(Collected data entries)
══════════════════════════════
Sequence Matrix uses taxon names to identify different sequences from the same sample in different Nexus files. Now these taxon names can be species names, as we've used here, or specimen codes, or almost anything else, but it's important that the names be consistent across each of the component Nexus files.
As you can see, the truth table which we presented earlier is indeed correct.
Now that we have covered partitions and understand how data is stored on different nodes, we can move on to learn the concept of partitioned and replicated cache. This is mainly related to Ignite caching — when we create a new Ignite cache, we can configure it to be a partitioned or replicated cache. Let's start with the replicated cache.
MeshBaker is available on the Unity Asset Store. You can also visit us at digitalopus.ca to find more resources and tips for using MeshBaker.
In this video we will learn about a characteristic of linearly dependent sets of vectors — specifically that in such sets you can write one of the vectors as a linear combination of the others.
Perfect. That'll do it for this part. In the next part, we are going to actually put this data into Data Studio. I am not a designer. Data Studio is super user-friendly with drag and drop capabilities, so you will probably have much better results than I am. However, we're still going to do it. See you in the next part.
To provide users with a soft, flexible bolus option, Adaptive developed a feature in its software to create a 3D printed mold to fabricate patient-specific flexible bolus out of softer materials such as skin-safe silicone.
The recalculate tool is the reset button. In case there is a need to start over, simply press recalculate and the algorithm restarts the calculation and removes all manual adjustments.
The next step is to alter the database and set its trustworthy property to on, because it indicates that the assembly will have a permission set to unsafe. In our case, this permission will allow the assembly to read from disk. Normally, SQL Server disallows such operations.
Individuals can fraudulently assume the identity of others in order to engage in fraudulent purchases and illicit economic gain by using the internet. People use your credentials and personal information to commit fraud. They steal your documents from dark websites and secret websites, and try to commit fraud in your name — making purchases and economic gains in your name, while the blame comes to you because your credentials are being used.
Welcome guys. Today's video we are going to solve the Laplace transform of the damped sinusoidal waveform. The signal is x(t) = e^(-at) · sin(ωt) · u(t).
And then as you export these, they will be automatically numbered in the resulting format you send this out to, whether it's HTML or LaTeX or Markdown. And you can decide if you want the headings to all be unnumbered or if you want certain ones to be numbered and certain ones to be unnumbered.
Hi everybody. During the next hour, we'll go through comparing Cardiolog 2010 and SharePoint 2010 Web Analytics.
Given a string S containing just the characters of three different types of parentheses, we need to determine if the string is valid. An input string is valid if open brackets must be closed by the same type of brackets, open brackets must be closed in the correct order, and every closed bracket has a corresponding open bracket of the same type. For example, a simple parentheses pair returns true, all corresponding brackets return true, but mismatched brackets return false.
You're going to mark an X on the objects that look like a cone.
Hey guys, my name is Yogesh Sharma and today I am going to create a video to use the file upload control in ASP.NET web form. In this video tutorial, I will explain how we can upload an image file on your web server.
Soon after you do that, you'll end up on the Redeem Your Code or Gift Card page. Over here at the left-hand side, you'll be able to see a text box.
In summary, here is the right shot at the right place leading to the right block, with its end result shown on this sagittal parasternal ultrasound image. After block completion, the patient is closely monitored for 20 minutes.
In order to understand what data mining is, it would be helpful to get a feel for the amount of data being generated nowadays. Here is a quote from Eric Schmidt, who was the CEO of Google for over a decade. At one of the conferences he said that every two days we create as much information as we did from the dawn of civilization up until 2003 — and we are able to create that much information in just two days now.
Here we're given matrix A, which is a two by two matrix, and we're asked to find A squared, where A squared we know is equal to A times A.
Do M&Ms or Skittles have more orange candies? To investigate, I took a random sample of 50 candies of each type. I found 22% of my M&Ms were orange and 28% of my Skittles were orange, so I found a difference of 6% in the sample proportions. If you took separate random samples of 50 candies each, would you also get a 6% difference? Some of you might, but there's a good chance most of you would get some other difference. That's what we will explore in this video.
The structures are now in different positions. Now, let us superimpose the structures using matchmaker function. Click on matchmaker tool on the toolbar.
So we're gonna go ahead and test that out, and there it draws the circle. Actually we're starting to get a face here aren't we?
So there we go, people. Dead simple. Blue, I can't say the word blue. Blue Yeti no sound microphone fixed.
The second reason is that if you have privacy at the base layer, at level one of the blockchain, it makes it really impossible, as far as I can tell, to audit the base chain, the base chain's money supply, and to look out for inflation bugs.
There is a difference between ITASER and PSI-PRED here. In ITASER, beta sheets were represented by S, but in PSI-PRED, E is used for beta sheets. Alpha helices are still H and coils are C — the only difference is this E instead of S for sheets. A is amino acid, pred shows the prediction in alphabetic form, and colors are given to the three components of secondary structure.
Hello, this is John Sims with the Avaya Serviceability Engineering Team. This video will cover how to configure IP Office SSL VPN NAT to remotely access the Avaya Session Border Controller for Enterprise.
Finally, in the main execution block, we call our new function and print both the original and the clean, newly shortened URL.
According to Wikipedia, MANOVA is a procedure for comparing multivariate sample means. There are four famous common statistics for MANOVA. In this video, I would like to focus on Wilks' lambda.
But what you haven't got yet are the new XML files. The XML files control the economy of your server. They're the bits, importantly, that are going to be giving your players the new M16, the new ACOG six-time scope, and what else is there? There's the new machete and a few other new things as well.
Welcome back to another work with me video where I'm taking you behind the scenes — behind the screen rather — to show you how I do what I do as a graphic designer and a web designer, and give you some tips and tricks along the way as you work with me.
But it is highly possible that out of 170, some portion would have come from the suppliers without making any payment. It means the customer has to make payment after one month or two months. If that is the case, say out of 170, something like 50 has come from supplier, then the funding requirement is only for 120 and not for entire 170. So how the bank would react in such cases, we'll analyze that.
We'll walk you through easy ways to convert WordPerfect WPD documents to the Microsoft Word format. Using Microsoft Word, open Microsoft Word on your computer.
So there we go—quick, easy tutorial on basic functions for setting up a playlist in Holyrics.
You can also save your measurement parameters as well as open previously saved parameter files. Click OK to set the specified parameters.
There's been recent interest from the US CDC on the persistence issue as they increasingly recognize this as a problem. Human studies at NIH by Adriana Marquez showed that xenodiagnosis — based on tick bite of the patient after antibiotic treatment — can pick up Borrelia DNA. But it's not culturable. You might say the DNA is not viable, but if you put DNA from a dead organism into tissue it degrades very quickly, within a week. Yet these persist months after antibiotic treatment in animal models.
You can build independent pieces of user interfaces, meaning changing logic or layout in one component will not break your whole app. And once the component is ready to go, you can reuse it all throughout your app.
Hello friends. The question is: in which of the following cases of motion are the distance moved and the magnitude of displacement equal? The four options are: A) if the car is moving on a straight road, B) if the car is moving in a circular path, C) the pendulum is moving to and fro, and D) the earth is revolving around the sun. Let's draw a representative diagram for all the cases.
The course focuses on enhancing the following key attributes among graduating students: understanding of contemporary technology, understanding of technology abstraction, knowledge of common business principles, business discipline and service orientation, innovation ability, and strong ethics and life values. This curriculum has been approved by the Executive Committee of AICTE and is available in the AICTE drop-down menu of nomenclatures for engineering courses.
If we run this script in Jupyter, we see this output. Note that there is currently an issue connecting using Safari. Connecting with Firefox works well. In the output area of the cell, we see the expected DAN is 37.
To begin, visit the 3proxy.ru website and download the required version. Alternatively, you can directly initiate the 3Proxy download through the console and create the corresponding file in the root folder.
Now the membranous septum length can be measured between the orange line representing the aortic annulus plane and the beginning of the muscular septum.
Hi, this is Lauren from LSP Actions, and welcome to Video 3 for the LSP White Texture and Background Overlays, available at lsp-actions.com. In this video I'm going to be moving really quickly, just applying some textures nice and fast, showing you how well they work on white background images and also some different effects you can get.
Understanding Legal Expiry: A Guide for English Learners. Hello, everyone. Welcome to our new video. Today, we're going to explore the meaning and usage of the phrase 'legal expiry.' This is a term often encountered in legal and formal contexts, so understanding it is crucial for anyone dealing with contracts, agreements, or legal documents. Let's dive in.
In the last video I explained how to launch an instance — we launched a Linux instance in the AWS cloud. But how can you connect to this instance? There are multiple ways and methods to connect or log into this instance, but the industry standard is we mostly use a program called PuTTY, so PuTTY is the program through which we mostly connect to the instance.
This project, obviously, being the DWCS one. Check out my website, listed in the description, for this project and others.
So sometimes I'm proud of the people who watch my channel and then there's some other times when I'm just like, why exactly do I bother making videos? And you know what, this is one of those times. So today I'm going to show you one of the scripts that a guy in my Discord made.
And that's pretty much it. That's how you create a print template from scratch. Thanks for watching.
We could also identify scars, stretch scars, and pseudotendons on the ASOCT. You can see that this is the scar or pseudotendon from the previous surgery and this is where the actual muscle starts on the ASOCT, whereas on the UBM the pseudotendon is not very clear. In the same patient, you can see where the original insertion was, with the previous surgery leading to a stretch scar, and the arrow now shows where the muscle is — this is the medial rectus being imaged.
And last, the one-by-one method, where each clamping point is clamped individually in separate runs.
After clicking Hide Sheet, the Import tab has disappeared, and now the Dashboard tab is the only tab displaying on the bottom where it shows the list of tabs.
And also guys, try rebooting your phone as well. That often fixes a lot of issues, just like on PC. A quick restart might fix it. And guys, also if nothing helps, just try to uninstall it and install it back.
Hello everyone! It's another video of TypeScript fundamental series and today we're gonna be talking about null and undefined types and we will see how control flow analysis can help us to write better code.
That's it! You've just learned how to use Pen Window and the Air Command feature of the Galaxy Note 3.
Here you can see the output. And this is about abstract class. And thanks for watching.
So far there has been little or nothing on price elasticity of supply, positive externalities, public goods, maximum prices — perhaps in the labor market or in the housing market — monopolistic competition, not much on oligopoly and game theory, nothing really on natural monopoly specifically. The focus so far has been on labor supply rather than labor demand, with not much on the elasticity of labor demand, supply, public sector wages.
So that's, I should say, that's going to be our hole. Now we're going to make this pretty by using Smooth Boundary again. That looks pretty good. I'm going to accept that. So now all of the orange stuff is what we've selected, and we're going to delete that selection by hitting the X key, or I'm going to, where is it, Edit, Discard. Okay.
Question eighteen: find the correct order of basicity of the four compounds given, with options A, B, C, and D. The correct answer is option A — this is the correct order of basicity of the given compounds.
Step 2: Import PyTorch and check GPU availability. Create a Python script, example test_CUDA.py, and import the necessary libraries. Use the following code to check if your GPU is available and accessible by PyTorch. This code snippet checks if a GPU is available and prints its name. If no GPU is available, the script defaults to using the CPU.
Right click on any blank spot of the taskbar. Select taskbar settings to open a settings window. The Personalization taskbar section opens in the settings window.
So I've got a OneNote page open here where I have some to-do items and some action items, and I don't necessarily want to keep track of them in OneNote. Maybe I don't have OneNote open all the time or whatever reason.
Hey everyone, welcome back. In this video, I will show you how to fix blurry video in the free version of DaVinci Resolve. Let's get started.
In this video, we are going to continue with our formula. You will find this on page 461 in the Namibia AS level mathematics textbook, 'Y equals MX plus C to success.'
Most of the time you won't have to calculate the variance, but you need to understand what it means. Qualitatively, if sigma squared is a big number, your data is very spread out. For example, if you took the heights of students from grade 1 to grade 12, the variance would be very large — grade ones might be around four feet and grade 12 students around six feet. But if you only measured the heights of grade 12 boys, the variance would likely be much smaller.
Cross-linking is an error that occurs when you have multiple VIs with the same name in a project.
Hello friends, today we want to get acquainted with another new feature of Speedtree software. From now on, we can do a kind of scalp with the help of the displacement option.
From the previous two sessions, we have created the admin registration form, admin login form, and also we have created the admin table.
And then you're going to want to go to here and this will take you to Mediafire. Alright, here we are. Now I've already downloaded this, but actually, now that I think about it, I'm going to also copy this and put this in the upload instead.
══════════════════════════════
=== Your instructions ===
All lines in the entries above that hold the word "table" need to be copied.

=== Solution to the problem ===
As you can see, the truth table which we presented earlier is indeed correct.
From the previous two sessions, we have created the admin registration form, admin login form, and also we have created the admin table.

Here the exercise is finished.